John Tavares (left) and George Armstrong pose during the unveiling of the new Marlies logo in...

John Tavares (left) and George Armstrong pose during the unveiling of the new Marlies logo in Toronto on Tuesday, March 22, 2005. The OHL has backed off the idea of drafting 14 year olds, like Tavares, who might play in the U.S. junior system. (Toronto Sun/Alex Urosevic)

TERRY KOSHAN -- Toronto Sun

, Last Updated: 8:43 AM ET

On second thought, let's not draft 14-year-olds, even if it is a select few.

A day after that controversial idea was skewered on the airwaves and in other parts of the public domain, the Ontario Hockey League's board of governors didn't even bother voting on the issue during a conference call yesterday morning.

"The challenge was put forward of how we deal with the exceptional player (at 14 or 15) and the governors were not supportive of the selection of 14 or 15-year-old players," OHL commissioner David Branch said. "Almost to a person, there was no support. We weren't comfortable with the image a draft of 14 and 15-year-olds would conjure up."

The league had been thinking of giving the four non-playoff teams -- this year being the Oshawa Generals, Sarnia Sting, Saginaw Spirit and Kingston Frontenacs -- the right to choose a player who was 14 or 15 with one of the first four picks in the annual priority selection.

The OHL's competition committee had recommended the league allow its non-playoff teams to make an exception to draft special players at 14 or 15. The timing of the issue is largely seen as the OHL's way of trying to ensure that 14-year-old John Tavares would play in the league.

Tavares, who also spent time with Tier II Milton this season, plays for the Toronto Marlie minor midgets. The consensus is Tavares, born in 1990, is a better prospect than any of the players born in 1989.

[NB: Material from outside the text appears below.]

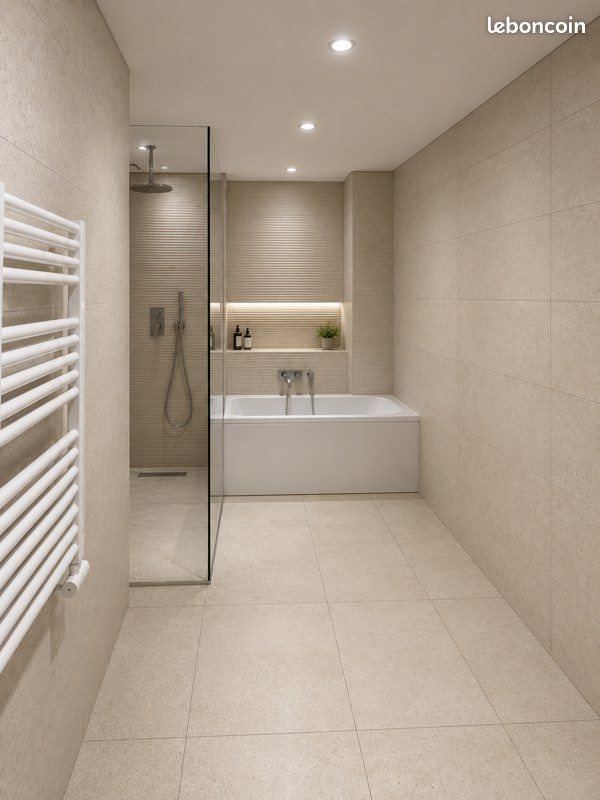 Appartement à louer, 90m², Bavilliers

Tavares was wooed by the United States Hockey League this past winter.

Where the league goes from here is unclear.

"I wouldn't say he is a Sidney Crosby type, but more of a Mike Bossy," one OHL executive said.

"The kid can score."

Branch said the governors were not influenced by the negative backlash the idea received on Tuesday.

At least one owner, Mario Forgione of the Mississauga IceDogs, is in favour of bringing back the rule that 15-year-olds can play for their home-town team. After the first year, the player would be eligible for the draft.

The most recent example is that of Jason Spezza, who played for Brampton in 1998-99 and then was picked first overall by Mississauga.

"There's no doubt (Tavares) could probably play in the league right now," said Forgione, whose club would lay claim to Tavares, an Oakville resident, under the old residency rule. "If he wants to play at a higher level, should he not have the option to play (in the OHL)? The governors were good about keeping this open-minded."